4) Mark Dunlap — Peter Thompson & Associates (Portland)
If your case may require appellate-level thinking—complex motions, evidentiary fights, legal issues that can shape case value—Mark Dunlap is frequently cited for exactly that kind of experience.
Martindale’s profile for Mark E. Dunlap lists him as “Senior Attorney” at Peter Thompson & Associates and shows Peer Reviews: 5.0, along with an AV Preeminent® peer rating entry that states he “got this award in 2026.”
Best fit for cases involving: high-exposure disputes where legal briefing, motion practice, and meticulous case building are likely to matter as much as negotiation.
5) Steven J. Mogul — Gross, Minsky & Mogul, P.A. (Bangor)
Steven J. Mogul is a strong pick for clients who want deep, long-range legal experience in central and eastern Maine, along with a practice that spans both litigation and ADR/mediation skill sets.
The firm’s attorney bio lists him as handling personal injury and related litigation matters and notes court admissions including the U.S. District Court for the District of Maine and the First Circuit. A fresh 2026 datapoint: the firm’s news page states he completed 40 hours of mediation training and is “now a trained mediator” (posted Jan. 23, 2026).
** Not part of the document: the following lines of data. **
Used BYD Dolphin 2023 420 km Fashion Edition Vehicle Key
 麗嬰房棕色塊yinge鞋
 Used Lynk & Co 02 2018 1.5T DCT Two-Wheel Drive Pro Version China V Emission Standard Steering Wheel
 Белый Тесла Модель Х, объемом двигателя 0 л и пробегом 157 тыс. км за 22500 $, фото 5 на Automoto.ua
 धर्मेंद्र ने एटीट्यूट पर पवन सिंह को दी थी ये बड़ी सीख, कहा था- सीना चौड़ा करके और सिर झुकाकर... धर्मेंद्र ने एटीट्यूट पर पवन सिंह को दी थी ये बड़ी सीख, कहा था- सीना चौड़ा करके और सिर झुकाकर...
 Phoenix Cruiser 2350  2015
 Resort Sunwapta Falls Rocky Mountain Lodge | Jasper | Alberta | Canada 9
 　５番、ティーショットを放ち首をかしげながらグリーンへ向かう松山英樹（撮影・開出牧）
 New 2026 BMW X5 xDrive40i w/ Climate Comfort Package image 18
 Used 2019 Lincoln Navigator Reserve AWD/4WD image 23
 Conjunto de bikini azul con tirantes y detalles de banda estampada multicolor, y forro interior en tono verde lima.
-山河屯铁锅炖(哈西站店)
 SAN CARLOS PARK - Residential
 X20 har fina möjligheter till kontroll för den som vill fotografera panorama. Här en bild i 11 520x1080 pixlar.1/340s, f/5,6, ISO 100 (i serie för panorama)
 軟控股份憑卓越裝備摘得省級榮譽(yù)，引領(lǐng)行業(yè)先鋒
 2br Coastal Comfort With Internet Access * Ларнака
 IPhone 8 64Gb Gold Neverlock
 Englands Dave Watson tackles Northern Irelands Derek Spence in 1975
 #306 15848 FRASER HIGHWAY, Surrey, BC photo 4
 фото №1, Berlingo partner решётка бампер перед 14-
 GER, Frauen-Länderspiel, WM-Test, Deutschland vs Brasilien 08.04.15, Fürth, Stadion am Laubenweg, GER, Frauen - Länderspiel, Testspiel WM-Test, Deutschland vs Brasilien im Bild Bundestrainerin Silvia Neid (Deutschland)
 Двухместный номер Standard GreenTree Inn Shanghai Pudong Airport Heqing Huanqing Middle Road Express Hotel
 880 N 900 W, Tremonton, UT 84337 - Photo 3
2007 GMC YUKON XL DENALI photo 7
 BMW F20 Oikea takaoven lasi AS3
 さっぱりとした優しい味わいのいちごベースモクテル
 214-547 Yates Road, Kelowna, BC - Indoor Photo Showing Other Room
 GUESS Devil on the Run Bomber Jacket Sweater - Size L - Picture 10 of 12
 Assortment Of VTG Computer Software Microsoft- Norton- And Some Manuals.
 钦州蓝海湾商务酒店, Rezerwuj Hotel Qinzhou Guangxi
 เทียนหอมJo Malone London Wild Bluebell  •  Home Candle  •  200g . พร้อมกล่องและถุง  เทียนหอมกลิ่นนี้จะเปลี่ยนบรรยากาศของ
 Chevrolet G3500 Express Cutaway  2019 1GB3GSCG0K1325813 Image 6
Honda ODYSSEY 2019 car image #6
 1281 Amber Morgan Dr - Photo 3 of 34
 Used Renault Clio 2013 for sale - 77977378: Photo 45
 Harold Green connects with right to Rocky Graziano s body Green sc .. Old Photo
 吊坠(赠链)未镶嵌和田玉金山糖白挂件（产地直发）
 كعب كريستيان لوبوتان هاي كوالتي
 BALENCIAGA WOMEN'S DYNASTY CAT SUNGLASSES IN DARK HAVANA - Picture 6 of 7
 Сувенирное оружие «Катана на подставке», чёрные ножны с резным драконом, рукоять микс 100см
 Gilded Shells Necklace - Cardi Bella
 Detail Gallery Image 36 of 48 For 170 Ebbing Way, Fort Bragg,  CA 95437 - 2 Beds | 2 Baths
Best fit for cases involving: injury claims where experience and steady litigation strategy are priorities—especially for clients who value counsel comfortable in both courtroom and dispute-resolution settings.
Quick Maine deadline reminder
Deadlines can vary by claim type, defendant, and exceptions—but two baseline rules are worth remembering:
- Most civil actions: Maine’s general statute sets a 6-year limitations period for civil actions, with exceptions.
- Wrongful death: Maine’s wrongful death statute states an action “must be commenced within 3 years after the decedent’s death,” with a specific homicide-related exception described in the statute.
(These are general references—not legal advice. A lawyer should confirm the correct deadline for the specific facts.)
Bottom line
The “best” personal injury lawyer in Maine is the one whose experience matches your injury, who has the resources to prove damages, and who is prepared to take the case to trial if that’s what it takes. This 2026 list is designed to help you quickly identify reputable starting points—beginning with Peter Thompson as #1.